Thank you for considering contributing to WordPress' development Docker images! If you're unsure of anything, know that you're 💯 welcome to submit an issue or pull request on any topic. The worst that can happen is that you'll be politely directed to the best location to ask your question or to change something in your pull request. We appreciate any sort of contribution and don't want a wall of rules to get in the way of that.
As with all WordPress projects, we want to ensure a welcoming environment for everyone. With that in mind, all contributors are expected to follow our Code of Conduct.

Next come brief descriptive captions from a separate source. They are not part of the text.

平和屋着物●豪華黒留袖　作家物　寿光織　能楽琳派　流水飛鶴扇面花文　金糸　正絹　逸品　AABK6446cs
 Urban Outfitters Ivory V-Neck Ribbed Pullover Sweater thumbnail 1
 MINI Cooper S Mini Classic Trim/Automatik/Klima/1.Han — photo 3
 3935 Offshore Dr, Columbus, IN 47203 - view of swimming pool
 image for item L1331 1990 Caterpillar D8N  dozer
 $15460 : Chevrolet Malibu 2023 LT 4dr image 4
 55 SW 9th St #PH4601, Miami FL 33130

All WordPress projects are licensed under the GPLv2+, and all contributions to this project will be released under the GPLv2+ license. You maintain copyright over any contribution you make, and by submitting a pull request, you are agreeing to release that contribution under the GPLv2+ license.
This document covers the technical details around setup, and submitting your contribution to this project.
After modifying any of the Dockerfile template files, you'll need to regenerate them built Dockerfiles. You can do this by running php update.php
, you should see your changes reflect across all PHP versions.
When submitting a Pull Request, images will be automatically built for you, and hosted on the GitHub Container Registry. As this service is currently in beta, you will need to login to the package registry, even for pulling images. You can read more about this in the GitHub Container Registry documentation.
Once Travis finishes building all of these packages, you can modify docker-compose.yml
and docker-compose.scripts.yml
to pull from GitHub. For example, the image
in the PHP container would change from wordpressdevelop/php:${LOCAL_PHP-latest}
to ghcr.io/wordpress/wpdev-docker-images/php:${LOCAL_PHP-latest}-PR_NUMBER
, where PR_NUMBER
is the number of the Pull Request you submitted.